ESTIMATING THE PHOTOSYSTEM’S EFFICIENCY, ANTIOXIDANTS ACTIVITY AND PLANT WATER RELATIONS OF TOMATO UNDER WATER DEFICIT CONDITIONS

Abstract

Due to physiological repercussions, the tomato crop has decreased productivity caused by drought throughout its entire life cycle. The tomato harvest has exceeded expectations due to a worldwide water resource limitation. The objective of subjecting the tomato cultivars Flanto and Sahel, to a self-imposed drought was to investigate the interrelationships among biochemical, physiological, enzymatic, and water-related factors.

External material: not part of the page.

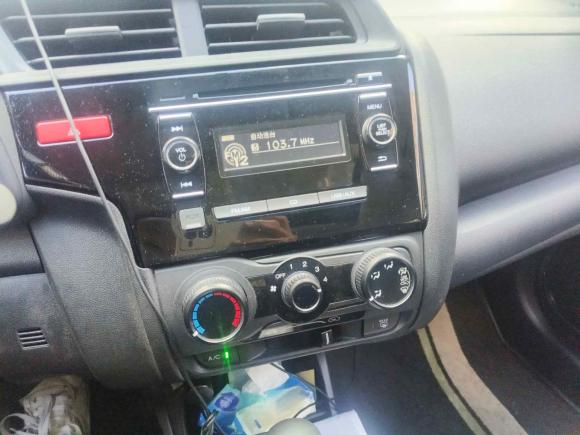 [上海·沪A] 二手本田飞度2016款 1.5L LXS CVT舒适天窗版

Five varying levels of moisture strongly impacted all plant attributes: 100%, 80%, 60%, 40%, and 20% when subjected to drought stress. The lack of water resulted in notable improvements in some metrics. Some examples of these traits include linear electron flow (LEF), photosynthetic efficiency (PSE), inward light dissipation ratio (qP), catalase activity (CAT), ascorbate peroxidase activity (APX), and leaf water potential (LEWP). Consider, for example, the intriguing discoveries concerning photosystem II, non-photochemical quenching, chlorophyll levels, leaf osmotic potential, and leaf turgor potential.